At Echo Global Logistics, the steps from great to amazing came with unique solutions deployed to address customer needs where incumbents were failing and build solutions that address service and price considerations. For several customers in reefer and dry van freight, Echo built solutions that consolidated smaller shipments that traditionally were serviced by LTL at higher cost onto truckloads and then either routed them in a multi-customer multi-stop shipment or as partially consolidated shipments that used LTL carriers for final delivery. The complexity of these solutions was challenging for the Echo technology, but the desire to differentiate and wow the customer outweighed any scale issues. 

The accurate measure of an amazing broker lies beyond securing a spot in a shipper's routing guide based on price. It's about offering unparalleled service that can't easily be replaced, becoming an indispensable problem-solving partner. Negotiating with a shipper becomes easier when you are their most effective partner. The pressure on brokers in the coming decades will not be on how they reduce people but on how they make them more effective. Experienced brokers have a Rain Man-like recall for rates, lanes, geographic constraints, location constraints, and equipment considerations. Answering how technology and processes can be a 10x multiple for their experienced operators will be critical to a broker's future. How can I make a 1-year rep look like a 3-year rep and a 3-year rep look like a 7-year rep?

As the industry evolves over the next 20 years, the real test for brokers will be their ability to tackle unique challenges that others can't. A robust carrier network and price competency are table stakes. 

MVMNT as the Future of Brokerage Tech

TMS and AI: 

MVMNT's TMS is designed to be the foundation that will fuel AI. A significant challenge in building a logistics Large Language Model (LLM) is ensuring clean and accurate data. MVMNT's TMS addresses this by enabling a more complex and expansive transaction capability, allowing freight brokers to adapt to various services requested by shippers. This flexibility ensures the load maintains its integrity and shipment records remain transparent, avoiding clutter and maintaining essential data accuracy crucial for AI development.

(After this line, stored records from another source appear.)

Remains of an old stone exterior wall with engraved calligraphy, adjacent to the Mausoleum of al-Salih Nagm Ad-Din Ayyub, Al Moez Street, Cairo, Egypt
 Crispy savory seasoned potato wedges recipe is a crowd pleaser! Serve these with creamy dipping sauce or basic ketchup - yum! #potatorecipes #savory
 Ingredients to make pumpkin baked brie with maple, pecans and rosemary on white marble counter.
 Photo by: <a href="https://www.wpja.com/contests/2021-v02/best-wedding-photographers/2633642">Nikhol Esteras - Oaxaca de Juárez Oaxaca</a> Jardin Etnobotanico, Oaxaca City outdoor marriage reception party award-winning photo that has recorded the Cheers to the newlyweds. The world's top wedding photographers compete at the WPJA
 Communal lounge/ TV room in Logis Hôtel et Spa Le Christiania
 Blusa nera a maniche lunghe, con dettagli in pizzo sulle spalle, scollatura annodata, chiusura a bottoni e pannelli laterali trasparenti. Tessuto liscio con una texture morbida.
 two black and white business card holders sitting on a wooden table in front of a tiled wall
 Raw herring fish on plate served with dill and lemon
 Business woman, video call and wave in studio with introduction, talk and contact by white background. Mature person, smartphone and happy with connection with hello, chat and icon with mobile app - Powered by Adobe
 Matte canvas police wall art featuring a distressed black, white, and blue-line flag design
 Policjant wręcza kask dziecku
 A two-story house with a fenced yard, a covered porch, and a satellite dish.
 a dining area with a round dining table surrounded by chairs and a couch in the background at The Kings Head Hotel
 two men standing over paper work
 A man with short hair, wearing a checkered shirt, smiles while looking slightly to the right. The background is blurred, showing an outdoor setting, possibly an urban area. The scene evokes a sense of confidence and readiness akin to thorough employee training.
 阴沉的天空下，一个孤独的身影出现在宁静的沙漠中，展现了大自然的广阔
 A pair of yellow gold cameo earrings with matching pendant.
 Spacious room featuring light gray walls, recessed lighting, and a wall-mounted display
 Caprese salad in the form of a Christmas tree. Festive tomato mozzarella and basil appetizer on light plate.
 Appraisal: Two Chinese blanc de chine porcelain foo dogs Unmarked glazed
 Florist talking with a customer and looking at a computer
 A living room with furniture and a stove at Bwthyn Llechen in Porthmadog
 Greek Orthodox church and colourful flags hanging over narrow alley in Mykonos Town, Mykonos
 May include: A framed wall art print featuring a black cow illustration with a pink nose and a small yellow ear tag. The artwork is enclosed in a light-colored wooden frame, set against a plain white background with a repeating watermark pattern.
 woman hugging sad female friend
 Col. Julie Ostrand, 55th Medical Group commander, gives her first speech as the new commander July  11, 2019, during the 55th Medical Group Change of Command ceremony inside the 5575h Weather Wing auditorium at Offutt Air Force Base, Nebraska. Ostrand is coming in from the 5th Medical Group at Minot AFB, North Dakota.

Long-Term Benefits and Relationship Building:

The MVMNT architecture offers long-term benefits by enhancing the broker's ability to sell relationships and access data. By ensuring the accuracy of freight rates and expanding access to carrier or shipper networks, MVMNT empowers brokers to sustain and grow relationships. It emphasizes the need for accurate historical and market TL rates and service costs, ensuring brokers can offer competitive and comprehensive services without diluting their offerings.

Building in Commissions:

As the brokerage industry continues to evolve, experimenting with various technologies to reduce costs and improve profits, MVMNT recognizes the importance of keeping the human element — the commissionable rep — at the core of brokerage while leveraging technology to enhance efficiency. With the advent of AI and other technological advancements, the industry is at the cusp of a significant shift. MVMNT's architecture is built to meet these rising demands, ensuring that logistics tech adapts and thrives in the AI era.

Brokerage-First CRM:

MVMNT addresses the broken link between CRM and TMS by ensuring a seamless two-way interaction. This connection is vital in managing the transactional nature of shippers and responding to inconsistent spot market needs. By providing more accurate quotes, fostering stronger relationships, and ensuring continuity of information even with staff turnover, MVMNT's integrated approach empowers brokers to deliver exceptional service consistently.

MVMNT is not just adapting to the future; it's actively shaping it by redefining what a TMS can do. From supporting 'Good Brokers, Great Brokers, and Amazing Brokers' to integrating cutting-edge technologies and refining the broker-shipper relationship, MVMNT is setting a new standard for the brokerage industry's future.